Impossibile non notare i meravigliosi, ricercatissimi abiti di Grace Fraser, psicoterapeuta di coppia, nel corpo algido, sottile ed elegante di Nicole Kidman, lontanissimo dall’ostentata, prospera fisicità della vittima. Anche Jonathan, oncologo infantile amatissimo dai piccoli pazienti e dai loro genitori, ha l’aria di essere un padre perfetto, così casualmente affascinante mentre accompagna il figlio a scuola passeggiando sulla neve al Central Park. Chi sono queste persone? Come vivono? Sono felici?
Difficile immedesimarsi in una donna come Grace, quella delle cene di beneficienza e il cappotto ricamato. Eppure da subito lo spettatore capisce l’inganno, e allora diventa quasi scontato restare al fianco di una donna che scopre di essere stata tradita, ingannata. Siamo sempre accanto a lei e accanto a lei scopriamo, puntata dopo puntata, tutte le verità non dette, le parole nascoste che danno il titolo alla storia.

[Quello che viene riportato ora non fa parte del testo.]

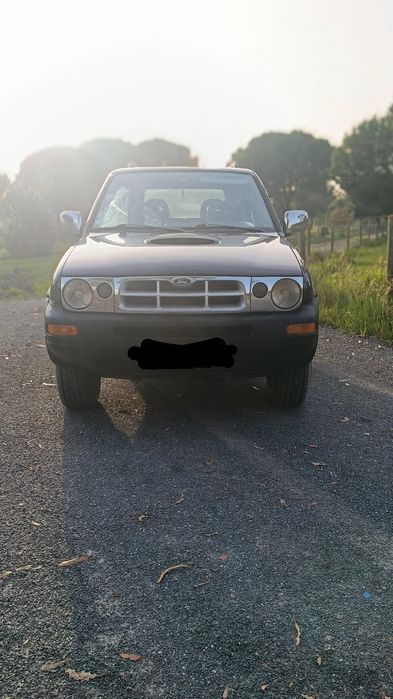 Ford maverick 2.7 TDI r20 terrano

Così Grace diventa la rappresentazione di chi apre gli occhi, all’improvviso, su una verità che trova inaccettabile. Succede a molte persone: la scoperta che l’altro, colui che amiamo, è uno sconosciuto. L’incredulità di fronte a prove certe. Il bisogno di trovare un senso, una giustificazione. Suo marito è un traditore, è innegabile, ma è anche un uomo capace di uccidere una donna? Fin dove è potuto arrivare? Ci sono altri indizi, altre piste da seguire? Se all’inizio l’accusa sembra inchiodare Jonathan, puntata dopo puntata la verità sembra vacillare. Chi era lì quella maledetta notte?
Se da una parte, dunque, la ricerca dell’assassino tiene in pugno la curiosità dello spettatore, c’è un mistero più forte che ci spinge a non smettere di guardare, ed è la domanda: “Fino a che punto possiamo non vedere l’evidenza?”. A me pare che l’interesse della regista sia piuttosto quest’ultimo, e che abbia voluto spingere lo spettatore più alla riflessione che al ragionamento. Lo dimostrano i numerosi primi piani sugli occhi di Grace, sulle palpebre tremanti, sulle pupille dilatate. Le immagini che ritornano di giorno, di notte, davanti al suo sguardo: quegli altri occhi chiusi per sempre, quelli di Elena che non diranno mai la verità. Il sentimento di incredulità coinvolge più della scoperta del nome dell’assassino e la battuta del ricchissimo padre di Grace (l’impeccabile Donald Sutherland) ne è l’emblema: “Ma davvero non vedi tutto questo?” .

Dal giudizio si passa allo strazio, dalla ricerca dell’assassino alla ricerca di sé, perché ognuno ha qualche volta creduto a delle cose che erano altre cose, perché ognuno ogni tanto non ha visto, non ha voluto vedere, ha cercato con l’anima mille altre meno dolorose verità.

Ancora una volta Susan Bier, regista di film preziosi come Dopo il matrimonio (2006), Noi due sconosciuti (2007) e l’imperdibile In un mondo migliore (2010), Oscar come miglior film straniero, mette al centro un dramma di coscienza. Per questo il finale, molto criticato sui social, a me sembra l’unico possibile. Anzi mi sembra che spalanchi le porte ad un’altra domanda ancora più interessante: “Vedere o non vedere, è una colpa che si paga?”